Crawled caption data:

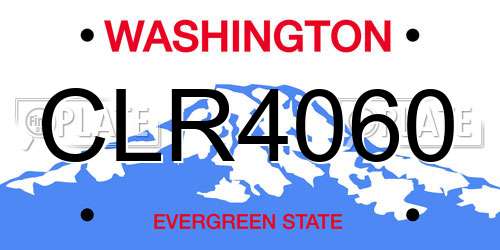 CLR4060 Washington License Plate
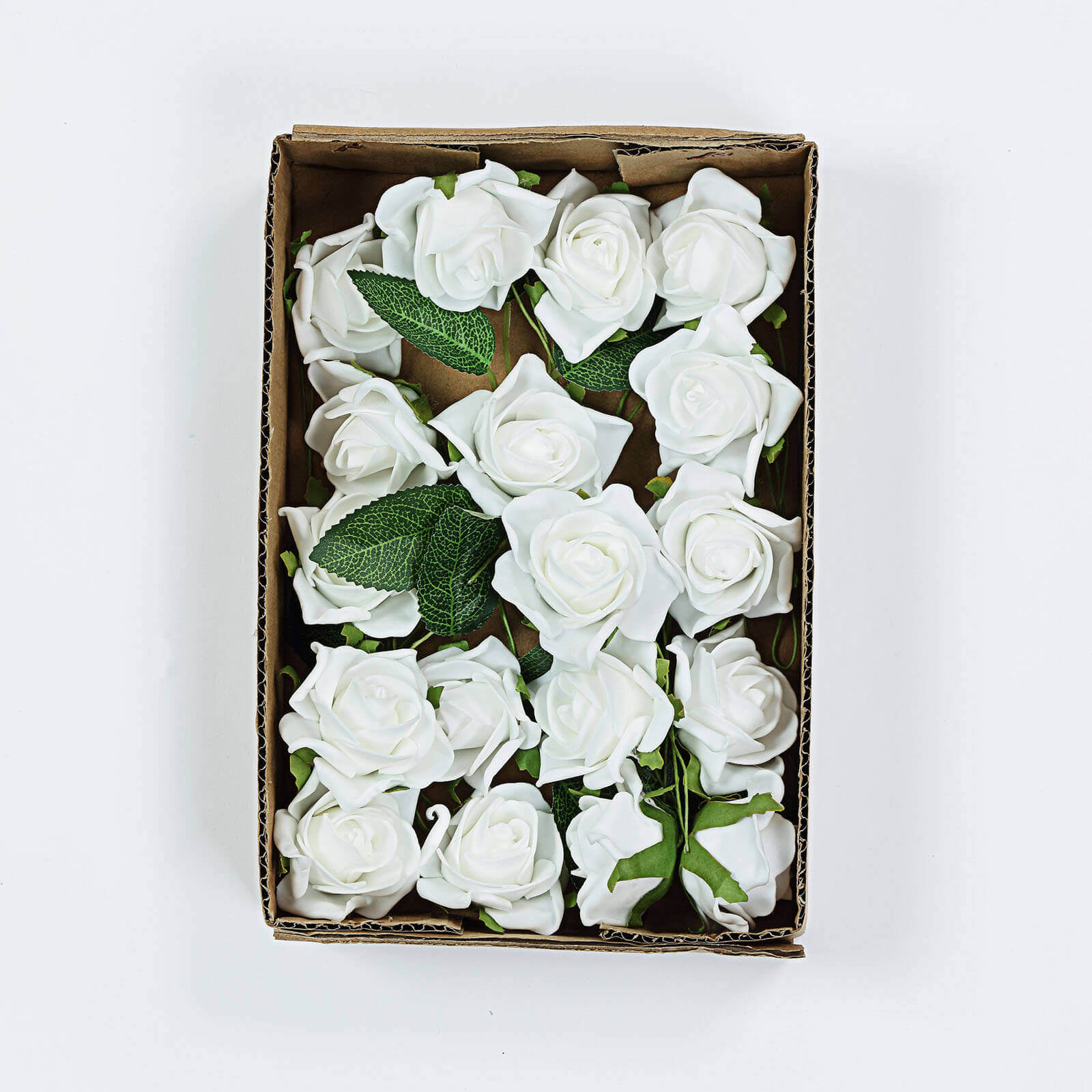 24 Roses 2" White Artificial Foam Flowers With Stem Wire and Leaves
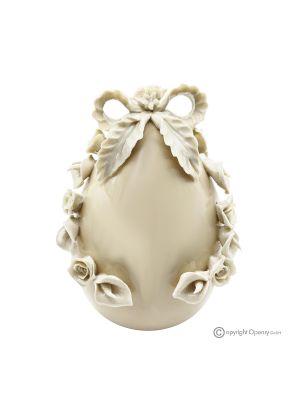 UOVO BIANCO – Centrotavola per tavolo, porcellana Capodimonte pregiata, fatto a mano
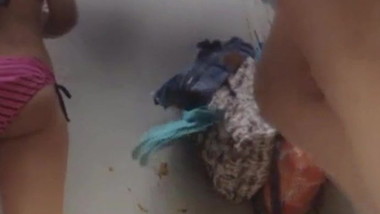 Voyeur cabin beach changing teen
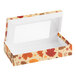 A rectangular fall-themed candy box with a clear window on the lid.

TRY IT:
Leave out the pictures and return, exactly as written, only the lines from the line with "UOVO BIANCO –" through the end of the records above.

RESPONSE TO THIS TASK:
 UOVO BIANCO – Centrotavola per tavolo, porcellana Capodimonte pregiata, fatto a mano
 Voyeur cabin beach changing teen
 A rectangular fall-themed candy box with a clear window on the lid.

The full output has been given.